- [ASSIGNMENT] Copy each record exactly and skip its pictures.

[Extracted data entries]

•••

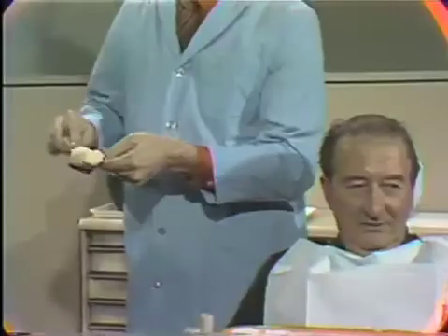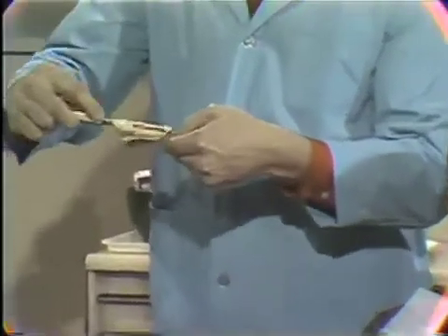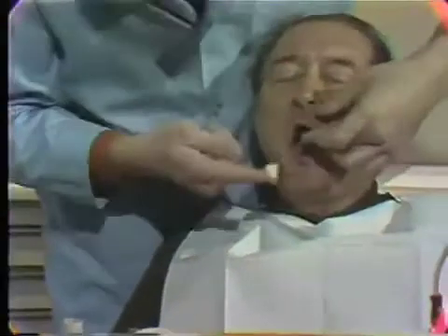After mixing the material until smooth, the tray is loaded. Notice that very little of the mix is placed in the tray. A small amount of material is first wiped into the labial vestibule to avoid trapping of air.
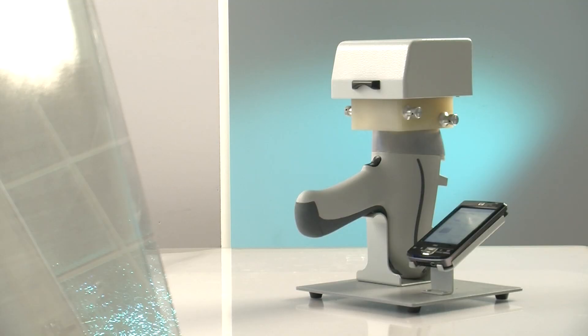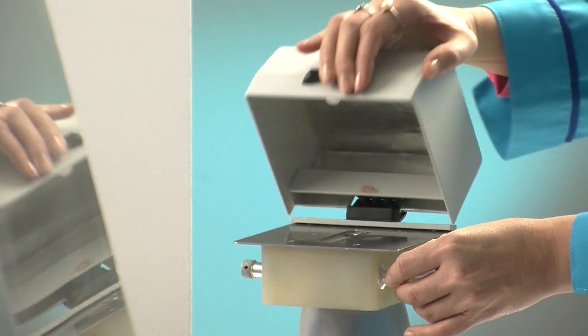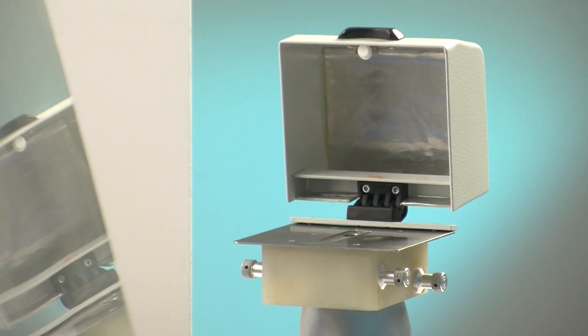For testing small objects, a laboratory stand can be used. Liquids and powders analysis becomes as easy as it is with a benchtop system.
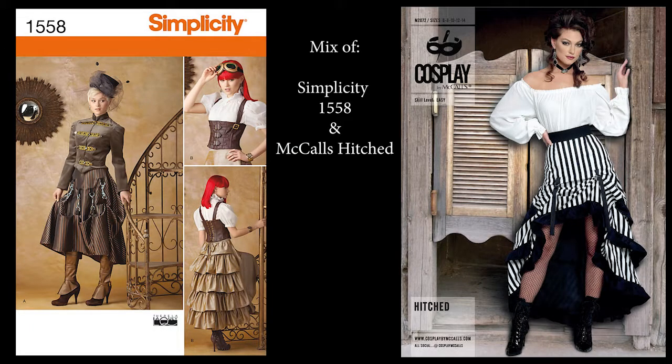In this video, the skirt design will be a combination of Simplicity 1558 and Cosplay by McCall's Hitched. The skirt itself will be Simplicity with the back ruffle look, and Hitched will be the guide for placement of the metal hardware and ribbon.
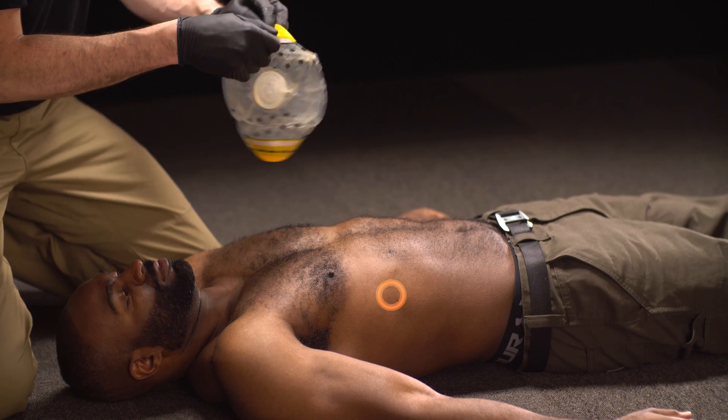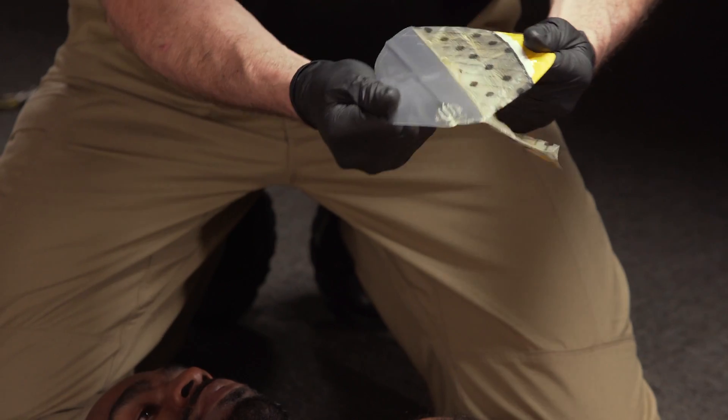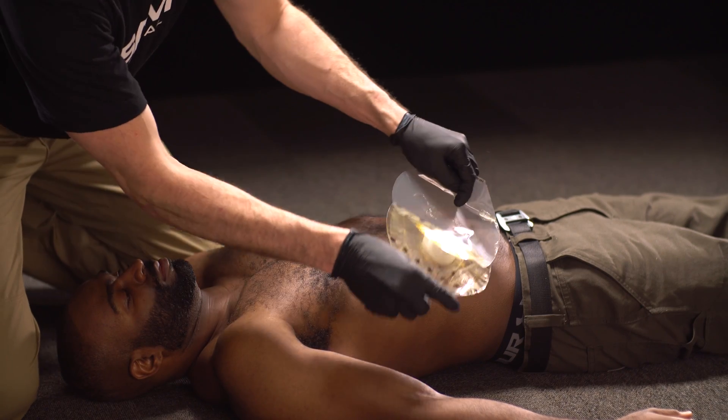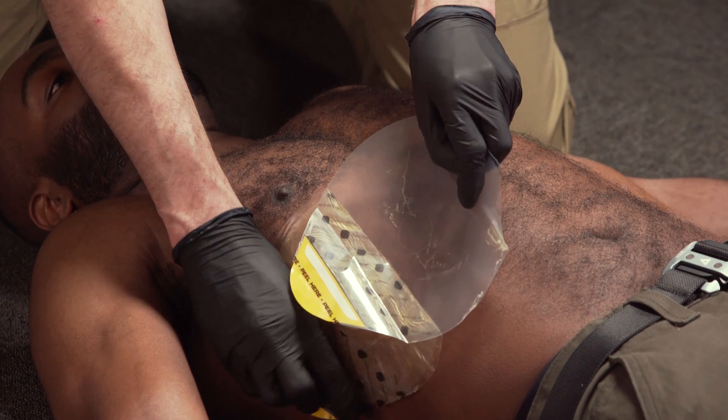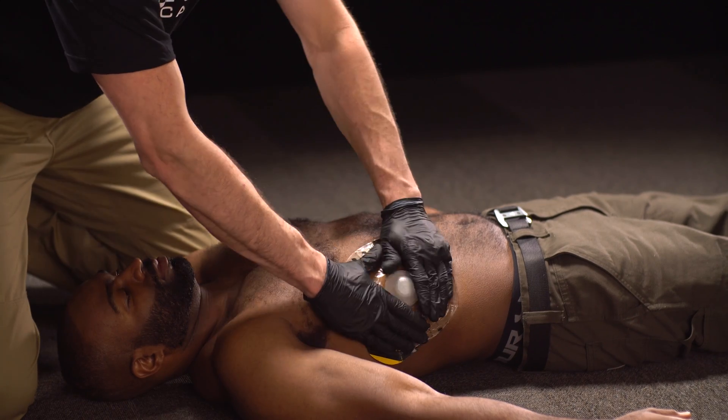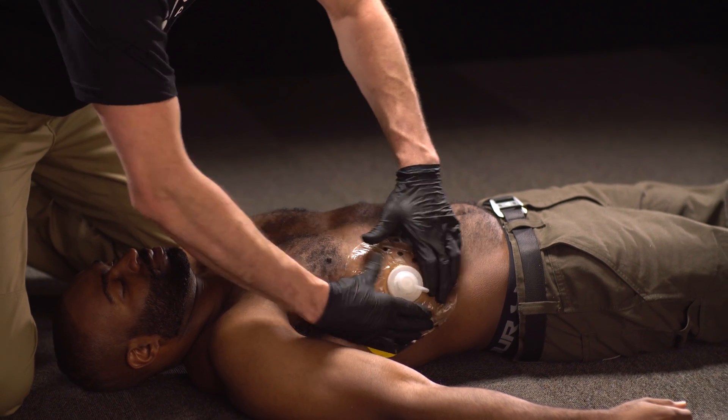Next, grip the application tab and remove the clear liner. Center the TrueFlow valve over the wound and place the dressing adhesive side down before pressing firmly across its entire surface to ensure adhesion.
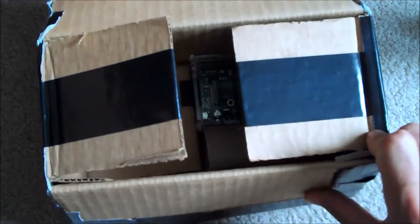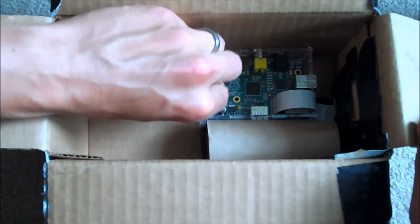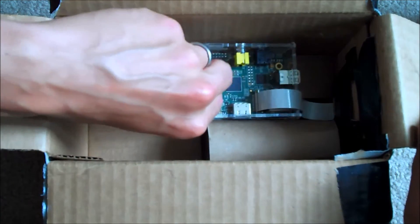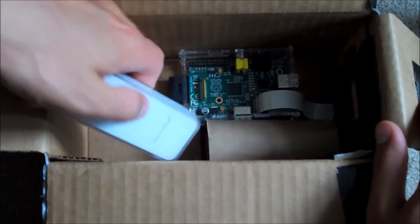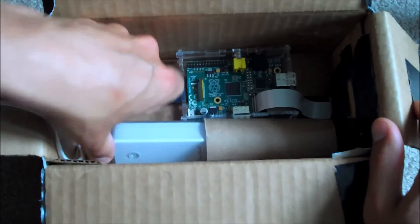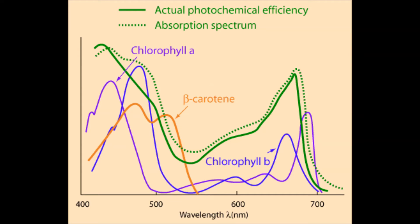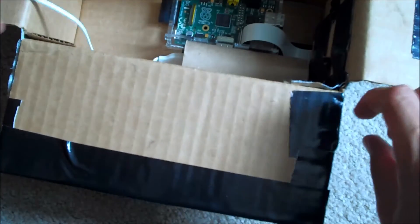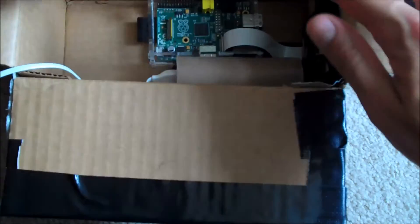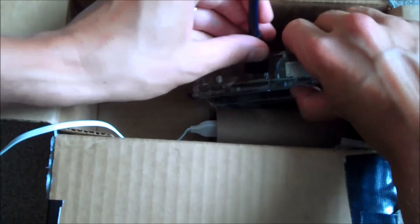Most cameras are built with a special filter that filters out near-infrared radiation, because it tends to cause images to look unnatural to us. But you can either remove that filter or buy cameras without it. In this case, I put together a little Raspberry Pi, which is a small hobby computer, and bought a small, cheap camera that had no infrared filter on it. Then I just built a little housing for it out of a cheap cardboard box.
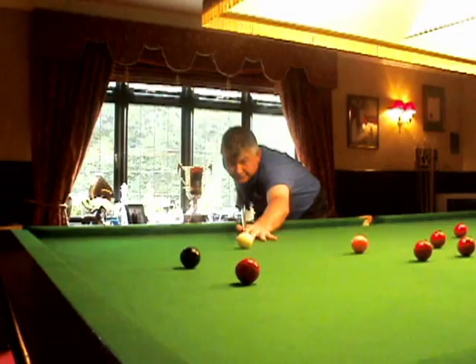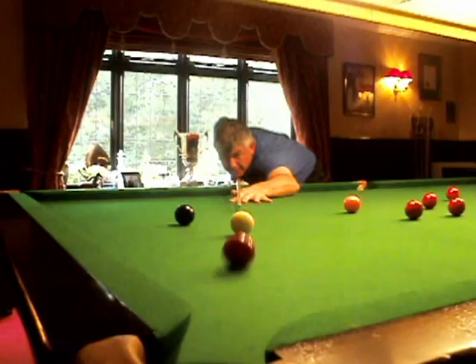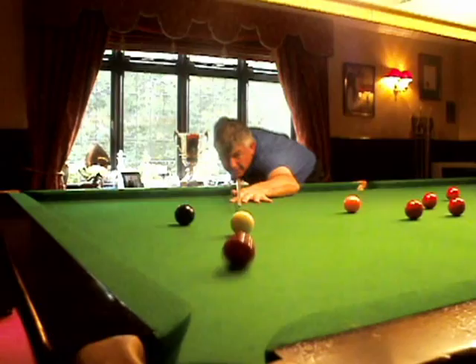So it should be something like this. Watch my eyes: I came onto the ball, I've walked into the line of the shot, I'm in the middle of the cue ball, I'm looking at the cue ball, I'm looking at the red, back to the cue ball checking, pose, eyes on the red object ball when I want to hit it, deliver the cue ball. My eyes are not on the cue ball.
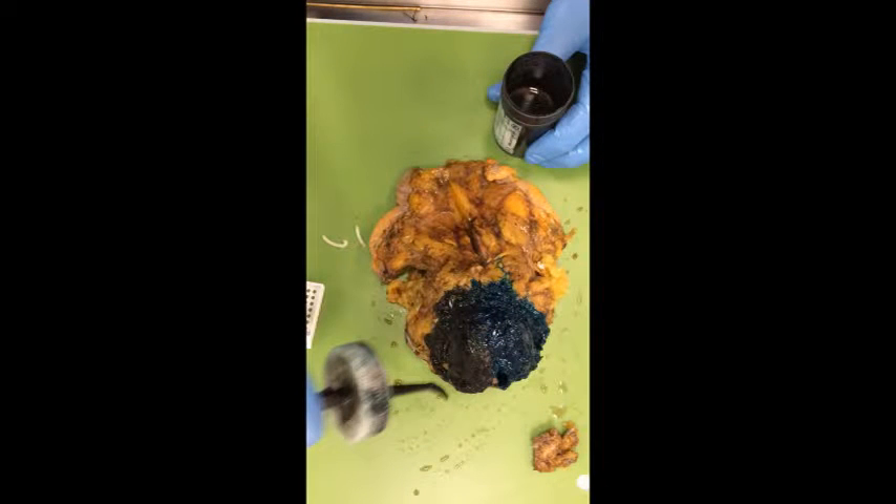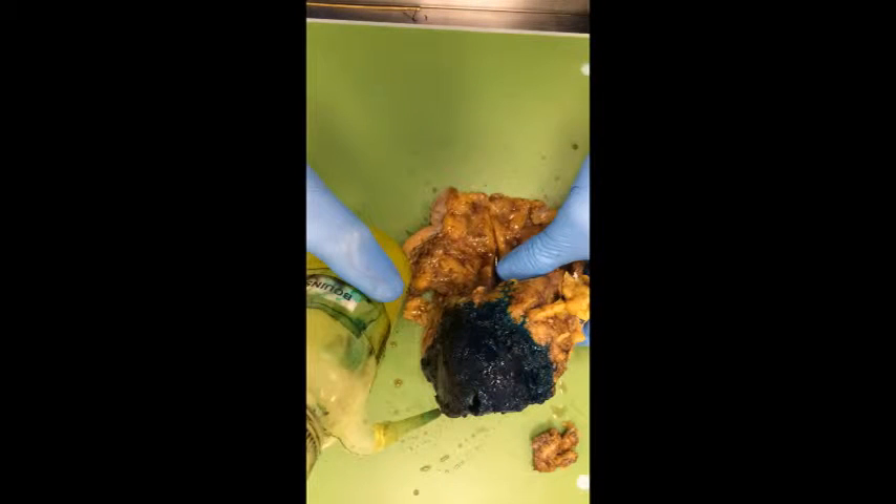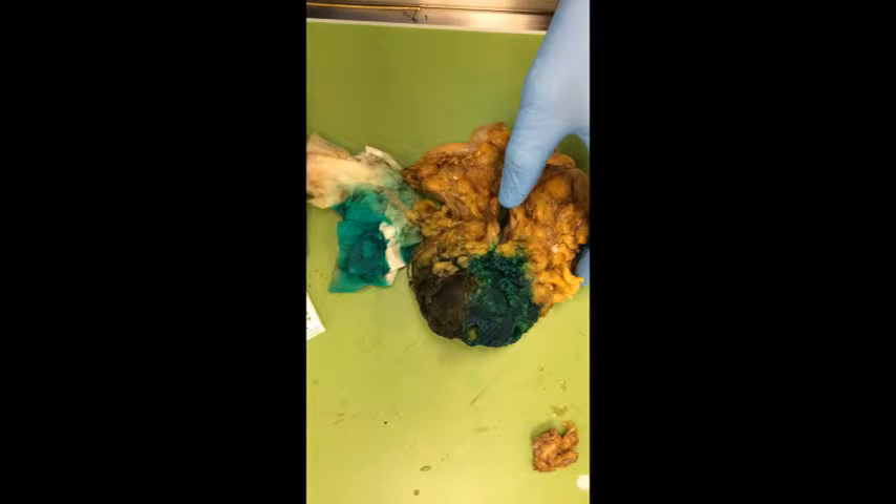Ink the left side green and the right side black. Spray with Bowen's solution to fix the ink to the prostate, then wash with water and dry.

•••

- [REPLY]
After mixing the material until smooth, the tray is loaded. Notice that very little of the mix is placed in the tray. A small amount of material is first wiped into the labial vestibule to avoid trapping of air.
For testing small objects, a laboratory stand can be used. Liquids and powders analysis becomes as easy as it is with a benchtop system.
In this video, the skirt design will be a combination of Simplicity 1558 and Cosplay by McCall's Hitched. The skirt itself will be Simplicity with the back ruffle look, and Hitched will be the guide for placement of the metal hardware and ribbon.
Next, grip the application tab and remove the clear liner. Center the TrueFlow valve over the wound and place the dressing adhesive side down before pressing firmly across its entire surface to ensure adhesion.
Most cameras are built with a special filter that filters out near-infrared radiation, because it tends to cause images to look unnatural to us. But you can either remove that filter or buy cameras without it. In this case, I put together a little Raspberry Pi, which is a small hobby computer, and bought a small, cheap camera that had no infrared filter on it. Then I just built a little housing for it out of a cheap cardboard box.
So it should be something like this. Watch my eyes: I came onto the ball, I've walked into the line of the shot, I'm in the middle of the cue ball, I'm looking at the cue ball, I'm looking at the red, back to the cue ball checking, pose, eyes on the red object ball when I want to hit it, deliver the cue ball. My eyes are not on the cue ball.
Ink the left side green and the right side black. Spray with Bowen's solution to fix the ink to the prostate, then wash with water and dry.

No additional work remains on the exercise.